--- DATA TO USE Enclosed Below ---

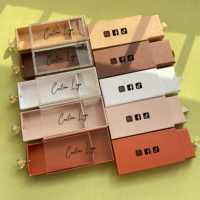 Offre spéciale Boîte à cils carrée Vente en gros Boîte à cils en vison Créez votre propre logo Boîtes imprimées Fournisseur d'emballage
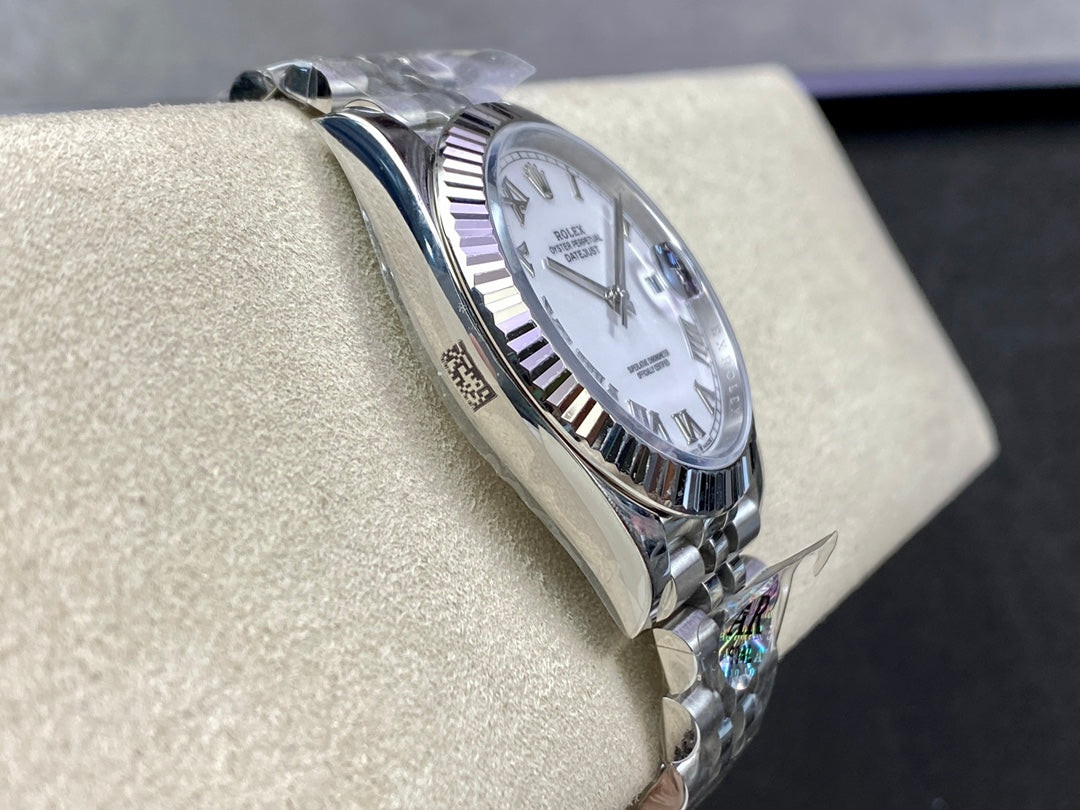 CLASSIC 41MM MOP DIAL SILVER-TONE CASE WATCH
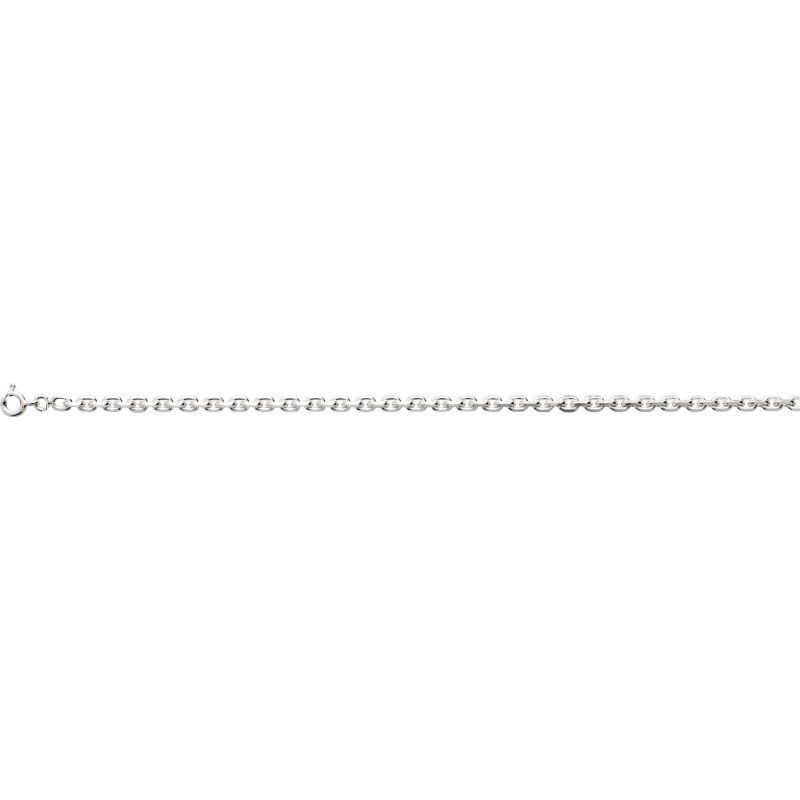 Chaine forçat argent rhodié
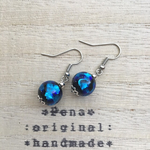トンボ玉ほたる石12mm☆イヤリングorピアス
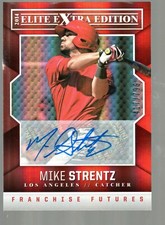 2014 Elite Extra Edition Franchise Futures Signatures #100 Mike Strentz 417/799 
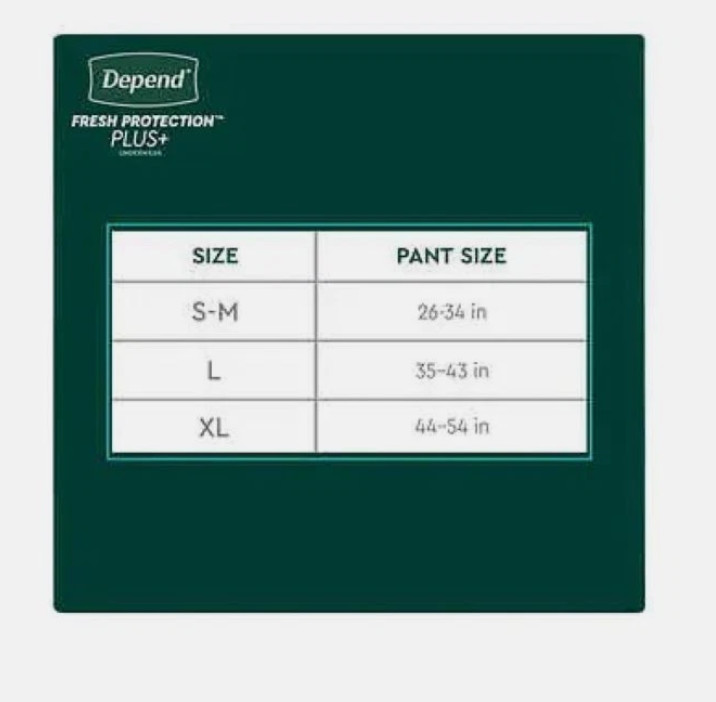Depend Protection Plus Ultimate Underwear for Men Small/Med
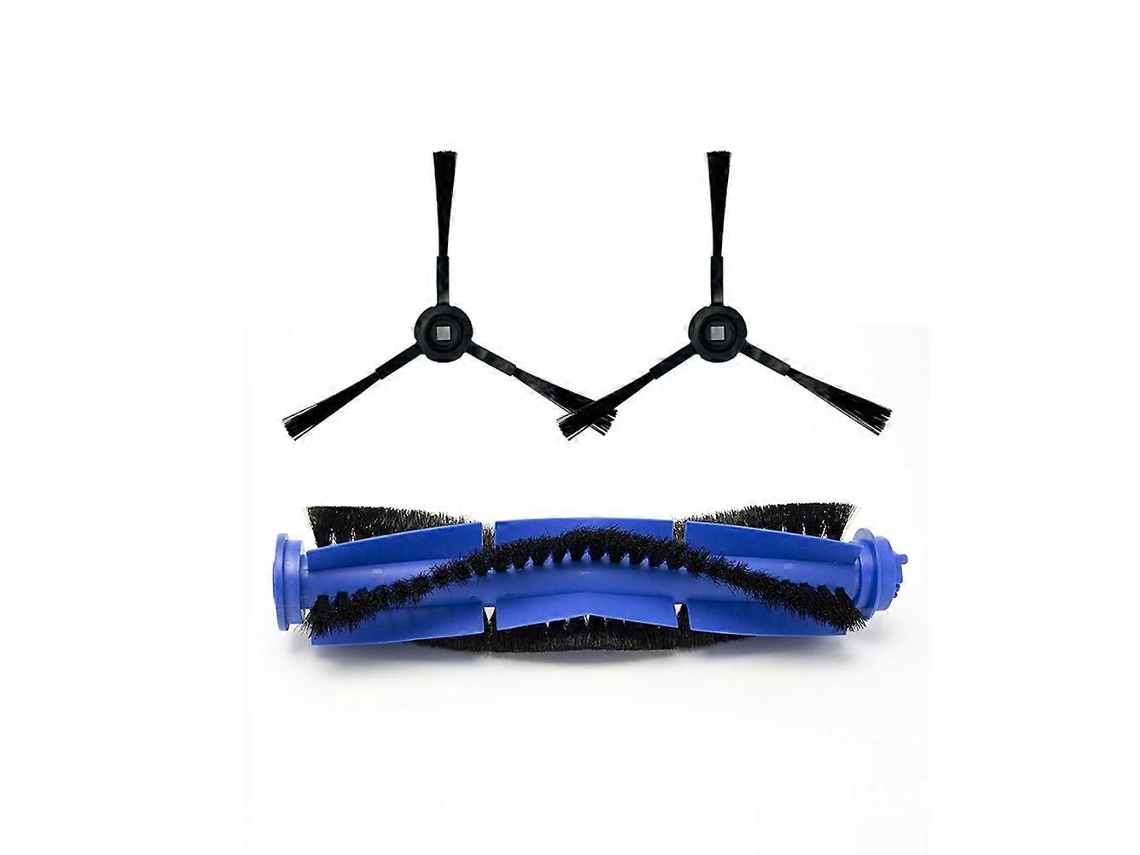 Conjunto De Escovas Laterais E Principal Para Aspirador Robô Airrobo T9 / Eufy L35+ - Peças De Reposição_glo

--- End of Enclosed DATA TO USE ---

PROBLEM TO WORK ON: Output all the data above verbatim, leaving out images.

ANSWER TO THIS EXERCISE:
 Offre spéciale Boîte à cils carrée Vente en gros Boîte à cils en vison Créez votre propre logo Boîtes imprimées Fournisseur d'emballage
 CLASSIC 41MM MOP DIAL SILVER-TONE CASE WATCH
 Chaine forçat argent rhodié
トンボ玉ほたる石12mm☆イヤリングorピアス
 2014 Elite Extra Edition Franchise Futures Signatures #100 Mike Strentz 417/799 
Depend Protection Plus Ultimate Underwear for Men Small/Med
 Conjunto De Escovas Laterais E Principal Para Aspirador Robô Airrobo T9 / Eufy L35+ - Peças De Reposição_glo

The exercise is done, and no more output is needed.